As Halloween brings the ghouls and goblins out Monday evening, motorists, homeowners and trick-or-treaters need to heed safety tips to ensure all the Pahrump Valley has a safe and spooky holiday weekend.

Motorists should avoid traveling through residential areas where trick-or-treaters are likely to be present.

Drivers should also heed all traffic signs and signals and drive at least five miles slower than the posted speed limit sign in areas trick-or-treater could be located.

Keeping an eye out for children walking on roadways, medians and curbs are key, as those in dark costumes are tougher to spot at night.

Also, always act as if trick-or-treaters may not be paying attention to traffic and may cut between parked cars.

Motorists should also scan ahead when driving in residential areas, watch for children and actively monitor their actions. Using a vehicle’s headlights is recommended, even during the day to make one’s vehicle more visible.

Those taking part in trick-or-treating activities should not run out from between parked cars or into the street suddenly.

To make themselves more visible to motorists, Halloween-goers are urged to walk in groups, on the sidewalk or paths, staying out of roadways.

Jaywalking is never a good idea, especially on Halloween, and trick-or-treaters are encouraged to cross the road at corners, utilizing crosswalks when possible.

When crossing the street, look left, right, and left again. If you see any cars, trucks or motorcycles coming, wait for the vehicle to stop or pass you and repeat the steps to ensure safety.

Make eye contact with drivers, acknowledging the driver to ensure they see trick-or-treaters that are approaching.

When possible, trick-or-treaters are urged to participate when it’s lighter outside, and choosing a well-lit route is recommended.

Carrying a flashlight when it’s dark is also urged, as it makes trick-or-treaters more visible and so you can be seen easily.

If walking in an area where there are no sidewalks present, pedestrians are recommended to walk facing traffic.

Once all candy is collected, parents and children are urged to eat factory-wrapped treats.

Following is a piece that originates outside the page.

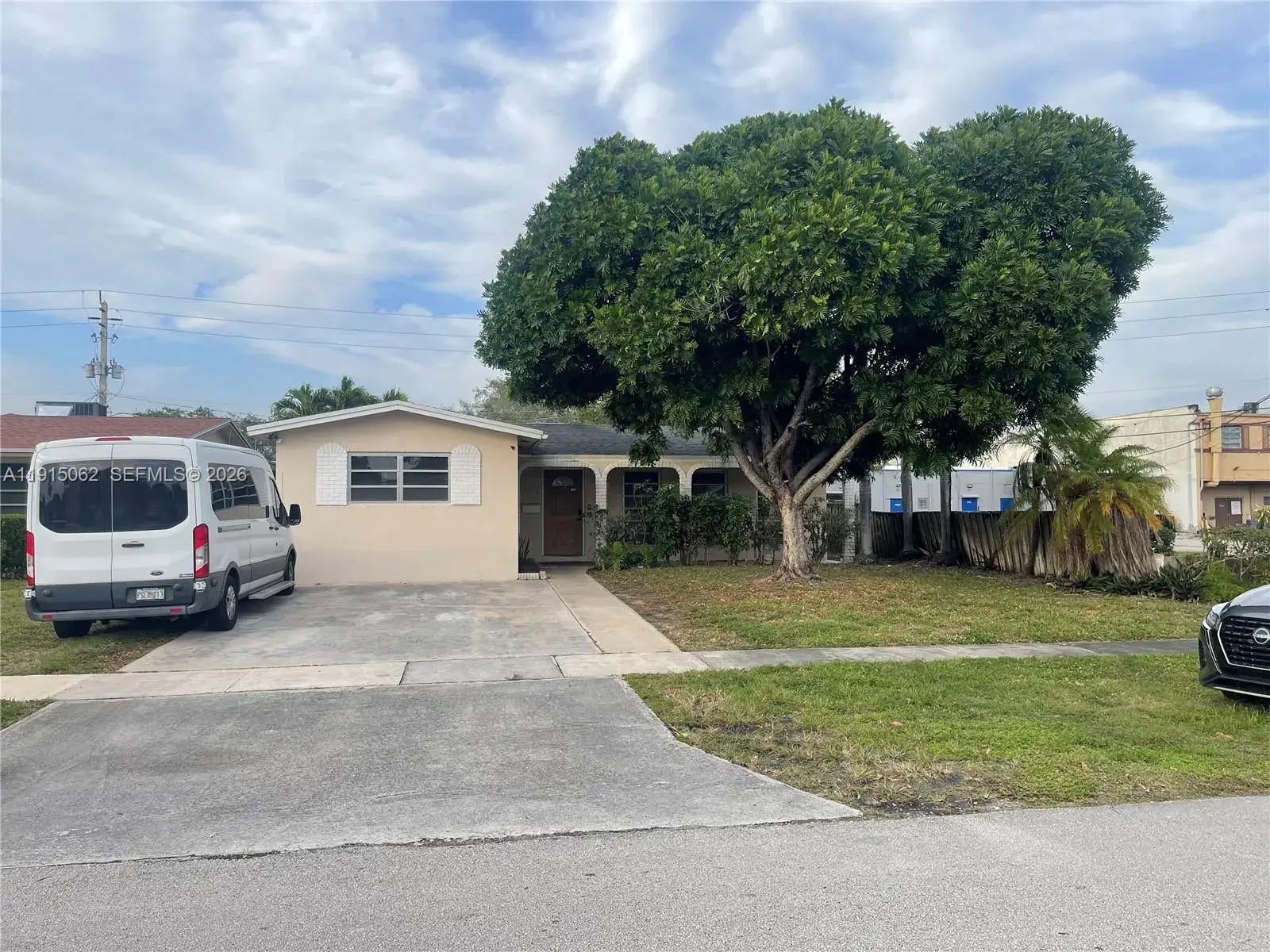 3 bedroom 2 bath Residential Lease for rent at 4315 Harrison St, Hollywood FL 33021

As far as costumes, parents should ensure their child’s costume fits, so they do not trip and if wearing a mask, to double-check that their field of vision is not obstructed. Also, parents should tell children to remove their masks before crossing a street.

If possible, children should wear makeup on their faces instead of masks, to enhance the party’s safety.

Children should choose bright-colored costumes and accessories that are made of flame-retardant materials.

If a fake weapon is included in a costume, parents are urged to check if the items are soft and flexible.

Using retro-reflective tape or stickers on your child’s costumes and having children carry a Retro-Reflective candy bag/pumpkin is recommended to make them more visible to motorists.

Pets are affected on Halloween as well.

Pet owners recommend keeping candy away from pets, as most of them are harmful to their health.

With the influx of people and motorists outside during Halloween, pet owners are urged to keep their pets inside, away from noise and possible mischief.

Also, keeping pets away from doorways is recommended as they may become anxious with the doorbell ringing more than usual and costumed characters coming to the door.

If your pet is spooked and it escapes your residence, pet owners should make sure their pets have an ID tag on its collar and/or is microchipped.